With the media converging on this corner of Michoacan — where the soldiers and federal police were sent to disarm the groups and re-establish order earlier in January — priests such as Father Lopez have prominently been featured in their coverage. Their candor contrasts with other prelates in troubled parts of Mexico, who have preferred to stay silent on the issues of crime and drug cartels.

Father Lopez has participated in protests in Apatzingan, denounced the local police as being in the employ of criminals and highlighted how the cartel carried out crimes such as kidnap, rape and extortion to show that point they collected a portion of the coins paid to use the public toilets.
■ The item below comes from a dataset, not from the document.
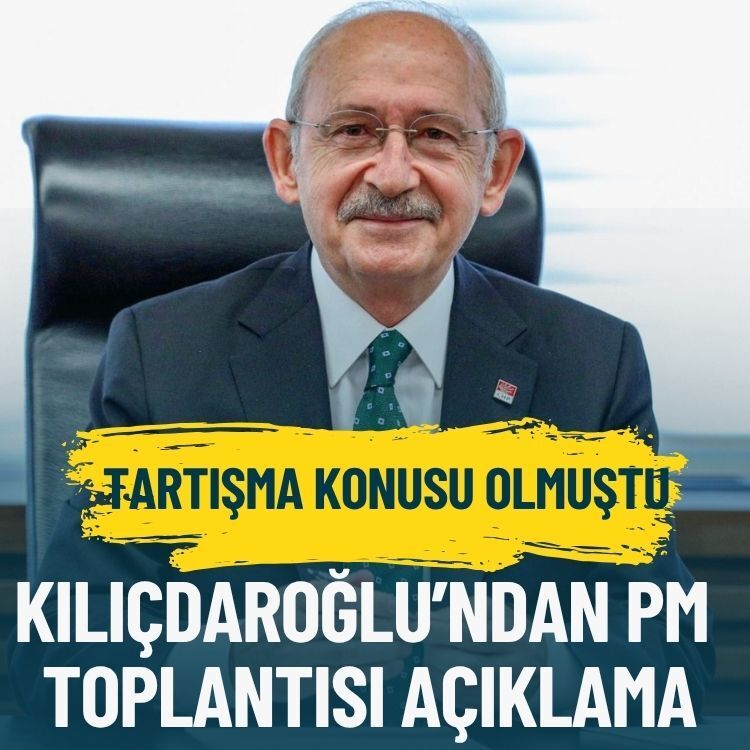 Kemal Kılıçdaroğlu’ndan yeni PM toplantısı açıklaması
He also made national news by saying that five gunmen killed by the federal police had plans to assassinate him for his outspokenness. Alejandro Rubido, executive secretary of the National Public Security Information System, denied the allegations.
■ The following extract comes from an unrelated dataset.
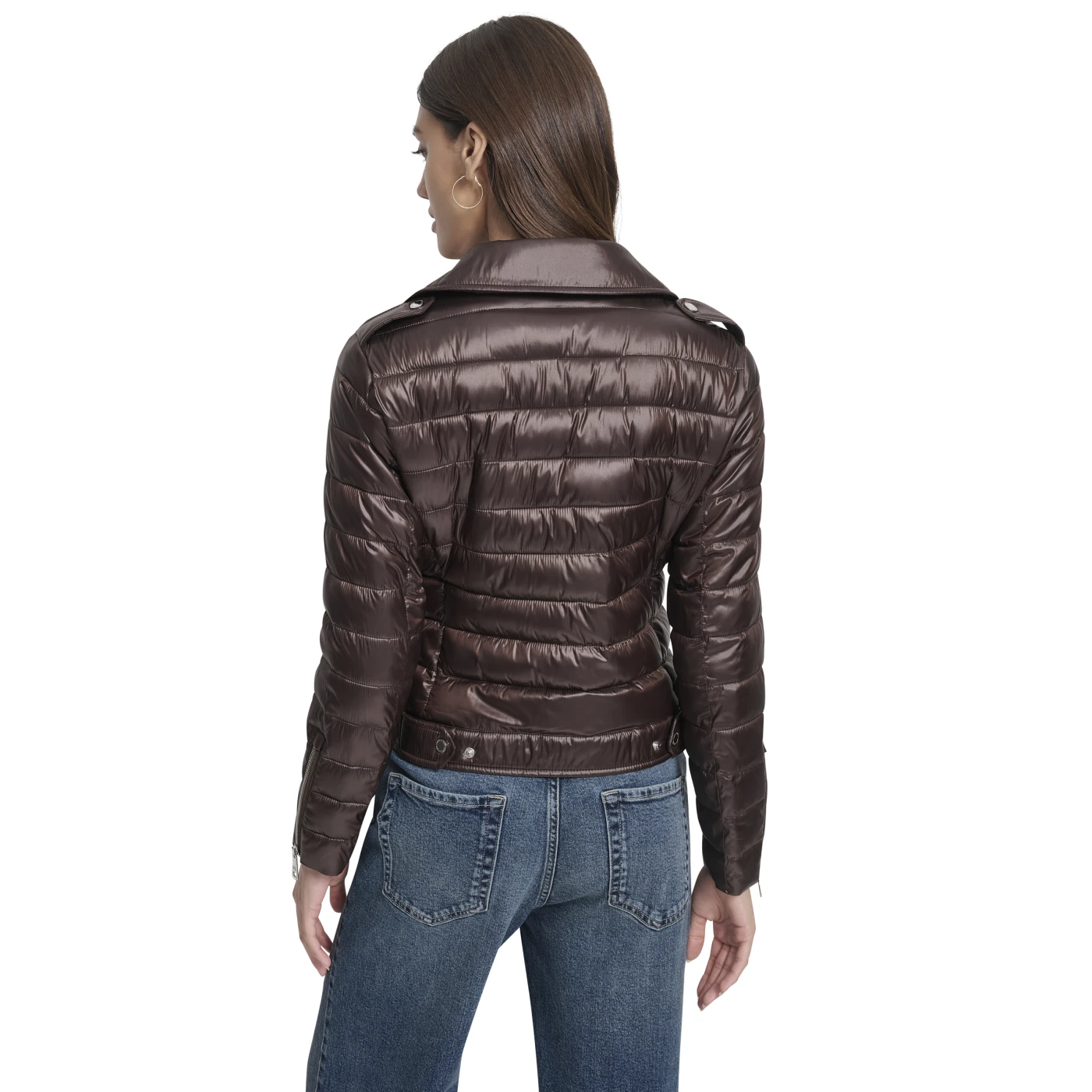 CASACA MUJER DKNY CHOCOLATE - 2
But such has been the church’s stature in this region of ranches and lemon groves that the comments of priests and a pair of pastoral letters from Apatzingan Bishop Miguel Patino Velazquez — including one calling Michoacan “a failed state” — brought the conflict in Michoacan to the forefront. The federal government, meanwhile, prefers to talk about other topics, such as the economy and structural reforms.

“The only institution they’ve been unable to corrupt is the Catholic Church,” Father Lopez said of the cartel.

A conflict pitting the Catholic Church against a cartel called Knights Templar — named for a Christian military order fighting in the Crusades — was an irony not lost on observers. But the cartel’s name reflects its quasi-religious nature: It teaches from its own version of the Bible, formed a congregation known as “New Harvest” and would previously denounce drug use even as it made methamphetamines in clandestine laboratories.

As the self-defense groups took more towns back from the Knights Templar in recent weeks, photos emerged of captured cartel kingpins in lavish homes and with statues dedicated to “San Nazario,” the fallen crime boss Nazario Moreno Gonzalez, who has been venerated by his henchmen.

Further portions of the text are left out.